[Column] Korean armistice, Ukrainian ceasefire

Posted on : 2023-08-15 08:20 KST Modified on : 2023-08-15 08:20 KST
Pity the country that has no armistice, but pity the country that needs an armistice
Two people stand in the ruins of a building in Pokrovsk, Ukraine, that was brought down by a Russian missile attack. (Reuters/Yonhap)
Two people stand in the ruins of a building in Pokrovsk, Ukraine, that was brought down by a Russian missile attack. (Reuters/Yonhap)

By John Feffer, author and co-director of Foreign Policy in Focus at the Institute for Policy Studies

In his famous essay about democracy, the British novelist E.M. Forster celebrated the political system’s encouragement of diversity and its tolerance of criticism. However, he only gave two cheers for democracy, rather than three, because democratic systems tend toward inefficiency and mediocrity. Although better than the alternatives, democracy deserves only qualified praise.

So, then, what about the armistice that spelled a temporary end to the Korean War 70 years ago last month? It certainly deserves some praise. After all, the armistice ended three years of terrible bloodletting. It created an international mechanism to keep the two warring sides from violating the terms of the agreement. And it has proven quite durable, having lasted for seven decades.

But the armistice also didn’t officially end the Korean War. It marked what was supposed to be a temporary truce. Both sides hoped for the reunification of the peninsula, though they obviously had different visions of what that reunification would look like. Nor has the armistice given way to a more durable peace.

The armistice redrew a line through the Korean Peninsula that US military officials initially established at the Potsdam Conference in 1945 as World War II was coming to an end. That line runs not only through Korean territory but also through Korean families, Korean culture, Korean language, and one way or another the souls of every Korean person wherever they might live.

Until the 1970s, the armistice divided two relatively similar countries. Both Koreas established authoritarian regimes (with only a brief democratic interregnum in the South), rebuilt roughly equivalent economies, and maintained rather conservative and parochial cultures. But then South Korea struck off in a different direction and became a much more prosperous country, with democratic institutions and a culture open to the world. Reunification seemed structurally feasible 50 years ago, despite the obvious difference in ruling ideologies. Today, the DMZ created by the armistice separates two vastly different worlds.

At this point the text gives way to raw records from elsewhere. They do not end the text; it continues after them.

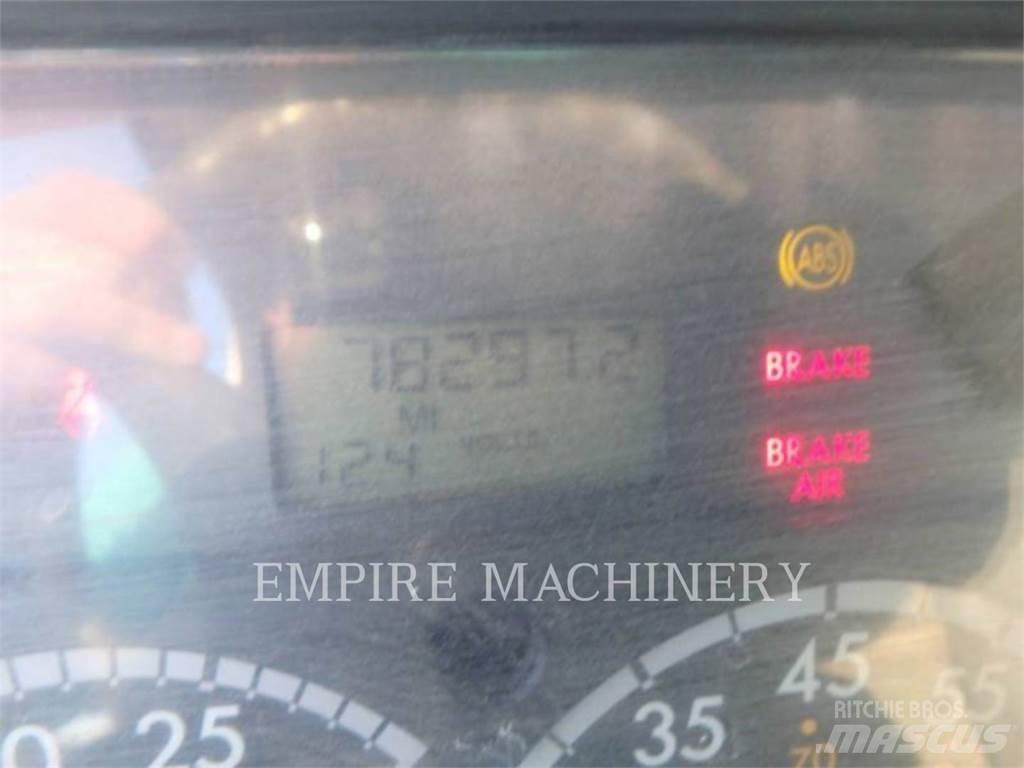 Freightliner 2K WT Цистерна
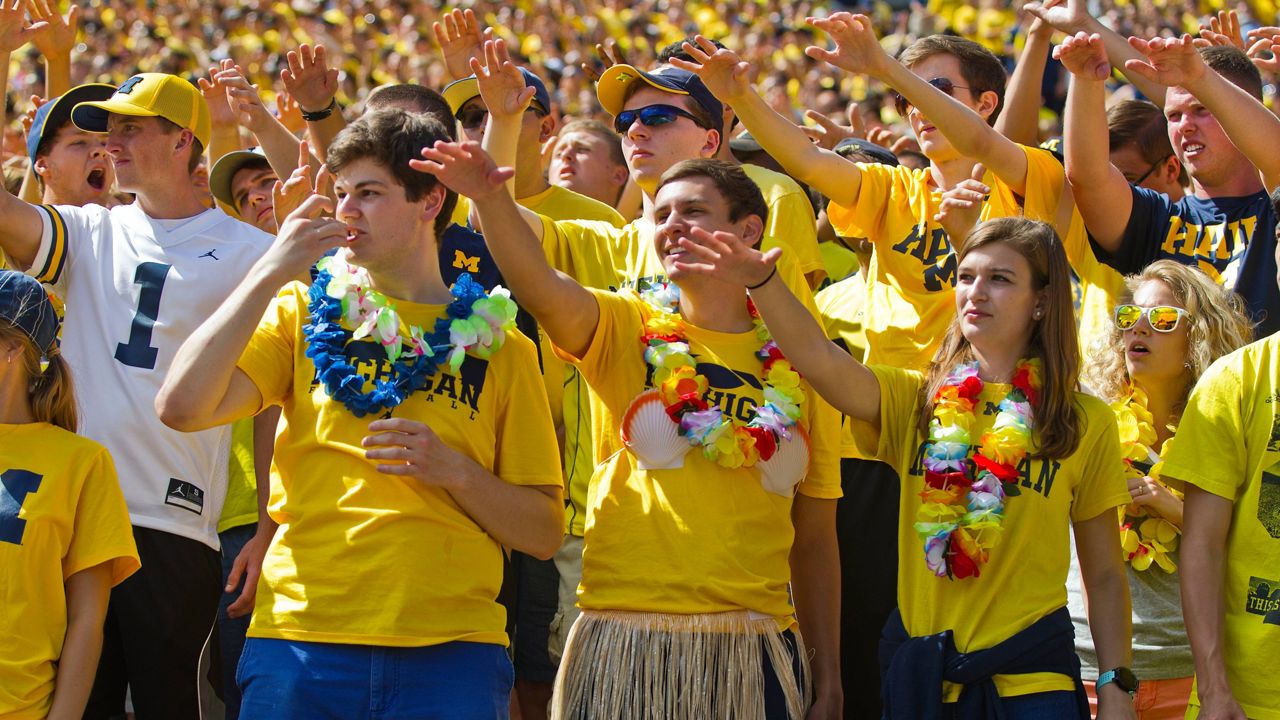 Hawaii Football Team Cranks Up Noise For Michigan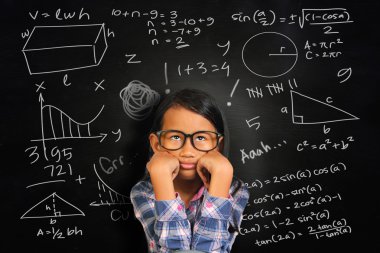 Küçük Asya öğrenci kız matematik hasta olma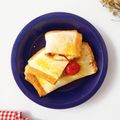 Cooksnap dari Nay's Kitchen untuk resep Roti Tawar Isi Apel Keju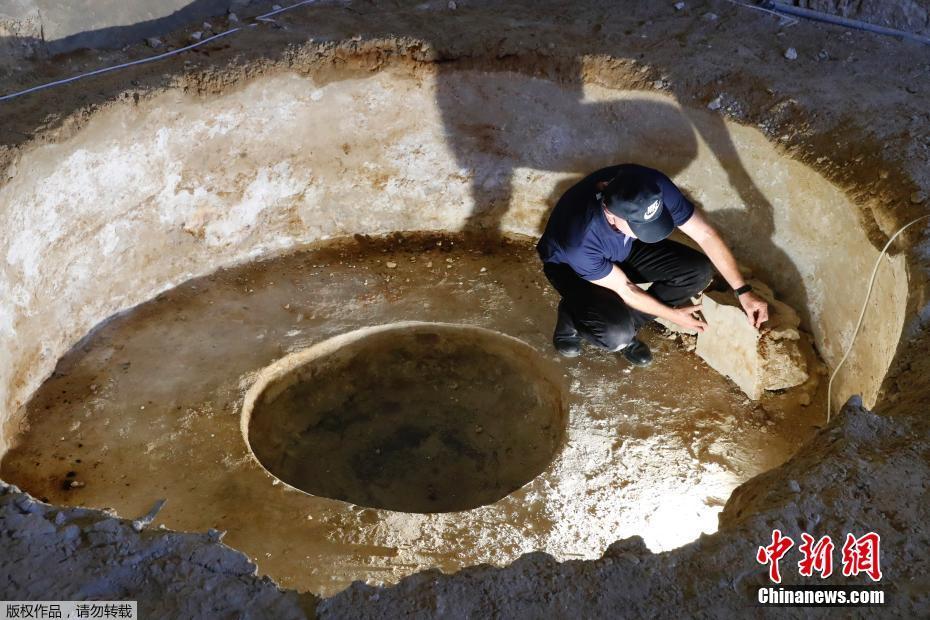曾經的香港精英們，現在竟在做這些工作……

The armistice saved lives. But it has also institutionalized a deeply hurtful division.

The war in Ukraine resembles the Korean War in many respects. There was an initial invasion that stopped short of occupying the entire country. Ukraine, like South Korea, fought back with the assistance of powerful allies (though without the addition of allied boots on the ground). After a year of back and forth, the two sides have battled to a near standstill.

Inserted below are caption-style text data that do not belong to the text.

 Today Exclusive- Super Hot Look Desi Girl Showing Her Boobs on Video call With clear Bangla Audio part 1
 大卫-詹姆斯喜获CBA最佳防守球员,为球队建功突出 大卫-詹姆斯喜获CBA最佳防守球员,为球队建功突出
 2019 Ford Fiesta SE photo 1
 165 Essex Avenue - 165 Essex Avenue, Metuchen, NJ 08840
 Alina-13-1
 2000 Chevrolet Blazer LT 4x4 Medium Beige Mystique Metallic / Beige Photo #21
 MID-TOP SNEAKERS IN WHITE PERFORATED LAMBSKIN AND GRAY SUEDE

In the next weeks and months, Ukraine’s counteroffensive could break through Russian lines. Ukrainian forces, with the military hardware supplied by the United States and European Union, could push Russian occupying forces out of the Donbas and even out of the Crimean Peninsula.

With that outcome in mind, Ukraine is currently rallying international opinion behind its version of a peace plan that calls for the exit of all Russian occupying troops and Ukrainian control of all its pre-2014 territory. Kyiv is hoping that a successful military campaign will create irreversible momentum behind a peace plan that attracts near-universal endorsement.

But the Russian army has dug itself deep into occupied territory, establishing several rings of fortifications and minefields that make it difficult for the Ukrainian army to advance. The Ukrainian counteroffensive has made some headway, but it has been slow.

Meanwhile, any hopes of a political change inside Russia have been stymied. Although there have been several challenges to Putin’s authority, most recently the attempted mutiny by the Wagner Group mercenaries led by Yevgeny Prigozhin, the Russian president remains relatively secure in power. A presidential election next year will likely return Putin to office, especially since he has jailed, killed, or exiled any viable competitors.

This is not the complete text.